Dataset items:
----

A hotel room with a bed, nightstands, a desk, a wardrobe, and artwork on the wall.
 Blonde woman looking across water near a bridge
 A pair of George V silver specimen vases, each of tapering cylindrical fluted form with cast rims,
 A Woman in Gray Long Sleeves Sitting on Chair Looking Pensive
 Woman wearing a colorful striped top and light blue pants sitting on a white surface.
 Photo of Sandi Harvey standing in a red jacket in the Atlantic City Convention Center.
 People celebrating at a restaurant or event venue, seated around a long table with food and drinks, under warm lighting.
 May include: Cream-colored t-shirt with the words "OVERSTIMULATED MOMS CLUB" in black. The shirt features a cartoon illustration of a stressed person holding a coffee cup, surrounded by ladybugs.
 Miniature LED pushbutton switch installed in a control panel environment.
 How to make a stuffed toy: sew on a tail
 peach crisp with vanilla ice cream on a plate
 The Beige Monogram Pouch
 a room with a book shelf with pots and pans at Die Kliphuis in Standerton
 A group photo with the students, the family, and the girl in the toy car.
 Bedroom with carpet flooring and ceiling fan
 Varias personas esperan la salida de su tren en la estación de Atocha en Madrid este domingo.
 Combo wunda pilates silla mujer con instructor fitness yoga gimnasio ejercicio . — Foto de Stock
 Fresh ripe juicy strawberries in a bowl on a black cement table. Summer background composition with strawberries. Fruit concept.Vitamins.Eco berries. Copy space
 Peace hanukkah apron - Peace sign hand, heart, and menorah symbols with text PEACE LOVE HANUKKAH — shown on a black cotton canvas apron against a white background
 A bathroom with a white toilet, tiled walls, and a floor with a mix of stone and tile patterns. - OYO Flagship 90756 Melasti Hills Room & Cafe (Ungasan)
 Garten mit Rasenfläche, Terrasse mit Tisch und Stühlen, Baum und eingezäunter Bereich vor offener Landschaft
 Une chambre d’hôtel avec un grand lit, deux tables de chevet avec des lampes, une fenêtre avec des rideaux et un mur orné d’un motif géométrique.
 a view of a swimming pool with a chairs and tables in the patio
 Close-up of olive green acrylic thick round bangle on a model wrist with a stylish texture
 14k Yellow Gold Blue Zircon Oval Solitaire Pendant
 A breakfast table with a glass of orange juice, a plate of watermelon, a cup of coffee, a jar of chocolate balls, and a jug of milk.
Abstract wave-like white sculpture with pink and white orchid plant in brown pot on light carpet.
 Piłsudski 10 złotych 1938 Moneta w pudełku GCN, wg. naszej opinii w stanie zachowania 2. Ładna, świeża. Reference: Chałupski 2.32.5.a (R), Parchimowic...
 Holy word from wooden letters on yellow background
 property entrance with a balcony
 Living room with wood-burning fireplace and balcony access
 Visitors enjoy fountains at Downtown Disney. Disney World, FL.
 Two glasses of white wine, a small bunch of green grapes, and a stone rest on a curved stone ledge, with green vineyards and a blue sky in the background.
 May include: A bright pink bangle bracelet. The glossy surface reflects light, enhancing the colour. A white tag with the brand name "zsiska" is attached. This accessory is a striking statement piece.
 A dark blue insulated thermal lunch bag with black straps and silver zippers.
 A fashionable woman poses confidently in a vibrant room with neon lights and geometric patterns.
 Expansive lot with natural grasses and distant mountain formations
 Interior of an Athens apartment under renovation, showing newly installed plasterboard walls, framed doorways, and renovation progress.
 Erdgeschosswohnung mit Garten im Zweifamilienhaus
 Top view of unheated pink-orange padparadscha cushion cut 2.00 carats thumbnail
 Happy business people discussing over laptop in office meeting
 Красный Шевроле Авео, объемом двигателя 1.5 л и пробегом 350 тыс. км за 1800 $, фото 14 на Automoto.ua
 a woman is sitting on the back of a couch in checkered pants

----

TO DO: Print, without alteration, only the lines above between the one holding "People celebrating at" and the one holding "Bedroom with carpet flooring and ceiling fan", inclusive.

TASK RESULT:
 People celebrating at a restaurant or event venue, seated around a long table with food and drinks, under warm lighting.
 May include: Cream-colored t-shirt with the words "OVERSTIMULATED MOMS CLUB" in black. The shirt features a cartoon illustration of a stressed person holding a coffee cup, surrounded by ladybugs.
 Miniature LED pushbutton switch installed in a control panel environment.
 How to make a stuffed toy: sew on a tail
 peach crisp with vanilla ice cream on a plate
 The Beige Monogram Pouch
 a room with a book shelf with pots and pans at Die Kliphuis in Standerton
 A group photo with the students, the family, and the girl in the toy car.
 Bedroom with carpet flooring and ceiling fan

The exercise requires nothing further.